I tend to agree (though if someone upload a new image without any info I make a point of tagging theyr images and delivering the whole "no source" speech, even if it's fairly obvious, in a hope of educating the user. If the image is usefull I can alays tag it later if they turn out to be inactive), the important bit is to say who owns the copyright (wich I asume is usualy the publisher in case of bookcovers, as they have probably paid for it to be made). So so how and where the image was obtained is more or less irrelevant (though it's nice to know), what is important is that we have enough information to be eable to verify who originaly created/published the work (and in case of "PD-old" stuff when and where). Same with screenshots and such. Saying "this is a screenshot from Half-life, developed by Valve Corporation and published by Sierra Entertainment" rather than "I found this image on", nothing wrong with doing both though. --Sherool (talk) 02:42, 3 January 2006 (UTC)

User-created images

I would like to propose making the following changes to the "User-created images" section to document the fact that Wikipedia requires (not wants) a free license for user-created images.
Wikipedia highly encourages users to upload their own images and release them under a free license (such as the GFDL).
Wikipedia encourages users to upload their own images, but all user-created images must be released under a free license (such as the GFDL and/or an acceptable Creative Commons license or be released into the public domain (no license). If licensing, it is best practice to multi-license your images under both GFDL and Creative Commons.

Add new paragraph:
Images with you, friends or family prominently featured in a way that distracts from the image topic are not recommended for the main namespace (user pages are OK). These are considered "vanity" images and the Wikipedia community has repeatedly reached consensus to delete vanity images.

Add new paragraph:
User-created images cannot may not be watermarked, distorted, have any credits in the image itself or anything else that would hamper their free use unless the image is intended to demonstrate watermarking, distortion etc. and is used in the related article. All photo credit should be in a summary on the image description page.
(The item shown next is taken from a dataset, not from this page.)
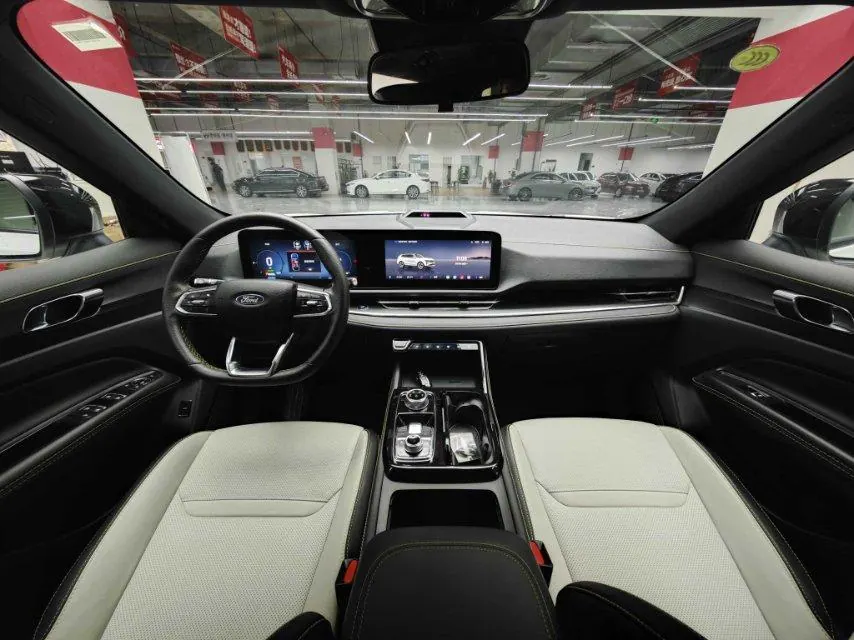 Ford 2025 plug-in 1.5T collar PLUS automatic gear 4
These additions are to clarify arguments that administrators have to deal with concerning images. Please support these ideas. Thanks -Nv8200p talk 16:58, 24 January 2006 (UTC)

I would support a change per the above. UkPaolo/talk 20:09, 24 January 2006 (UTC)
Support. --Lukobe 20:17, 24 January 2006 (UTC)
A few comments:
  1. multi-licenseing of images under both GFDL and CC licenses should be encouraged.
  2. not all cc licenses are considered acceptable.
  3. we should probablly add an exception for images intended to demonstrte watermarking distortion etc.
(unsigned comment by User:Plugwash)
Revised per comments (in red) underlined. -Nv8200p talk 21:55, 24 January 2006 (UTC)
Suport. (with minor grammatical changes). ed g2stalk 03:25, 25 January 2006 (UTC)
I think that these are all worth-while changes, yes.
James F. (talk) 10:27, 25 January 2006 (UTC)
Definitely. Jkelly 17:10, 25 January 2006 (UTC)
Strong support for the above. --khaosworks (talkcontribs) 17:32, 25 January 2006 (UTC)
  • Oppose, excessive policification. Would the second paragraph require us to delete the images at Wikipedia:Facebook? And although watermarked images are less useful than non-watermarked, I see no need to encode that fact in policy. There are plenty of ways to make a bad photograph; watermarking is just one of them. (Actually, I would support a ban on all free images, which should never be uploaded here, but at the Commons instead.) dbenbenn | talk 02:12, 26 January 2006 (UTC)
    • How about changing "Images with you, friends or family prominently featured in them are not recommended" to "Images with you, friends or family prominently featured in them are not recommended for the main namespace", besides the paragraph says they are "not recommended", clearly the facebook is an exception. Let's consider the spirit of these changes, not the letter. The main point is about deliberately watermarking images for Wikipedia for vanity / usage restriction. I think it is important that we strongly discourage this. ed g2stalk
      • Mainly, I am opposed to the proposal to disallow watermarked images. I agree they are strongly discouraged. But they shouldn't be totally verboten. And I would agree that vanity images are usually not recommended for the main namespace, but there are lots of exceptions. For example, Sleep shows a picture of the photographer's daughter. Thumb shows a picture containing (part of) me; your proposal would disallow that. dbenbenn | talk 03:22, 26 January 2006 (UTC)
        • Made changes to try and address issues. Watermarked user-created images should be verboten. The only reason to watermark an image is for vanity / usage restriction, which is a subversion of Wikipedia's reason for existence. -Nv8200p talk 16:43, 26 January 2006 (UTC)
  • Oppose. The wording is not accurate. "... all user-created images must be released under a free license." You can also release user-created images to the public domain (no license). Kaldari 19:33, 26 January 2006 (UTC)
    • Good point. Added PD. -Nv8200p talk 20:22, 26 January 2006 (UTC)
      • Why is licensing preferrable to releasing to the public domain? Kaldari 16:00, 27 January 2006 (UTC)
        • See Copyleft#The_ideology. With a public domain images, someone can make a derivitive work and copyright it. GFDL and Creative Commons licenses forbid copyrighting derivitive works. Derivitive works must be released under the same license. -Nv8200p talk 16:25, 27 January 2006 (UTC)
          • I fail to see the logic. Why would Wikipedia care what people do with derivative works of images on Wikipedia? From a purely ideological standpoint, I suppose it makes sense, but from a practical standpoint I don't see a compelling reason to prefer CC or GFDL over public domain for images. Kaldari 07:03, 30 January 2006 (UTC)
    • How about this wording instead: "Wikipedia encourages users to upload their own images, but all user-created images must be released under a free license (such as the GFDL and/or an acceptable Creative Commons license) or be released into the public domain." Kaldari 07:08, 30 January 2006 (UTC)
  • Incorporated above text into the policy page. -Nv8200p talk 15:33, 30 January 2006 (UTC)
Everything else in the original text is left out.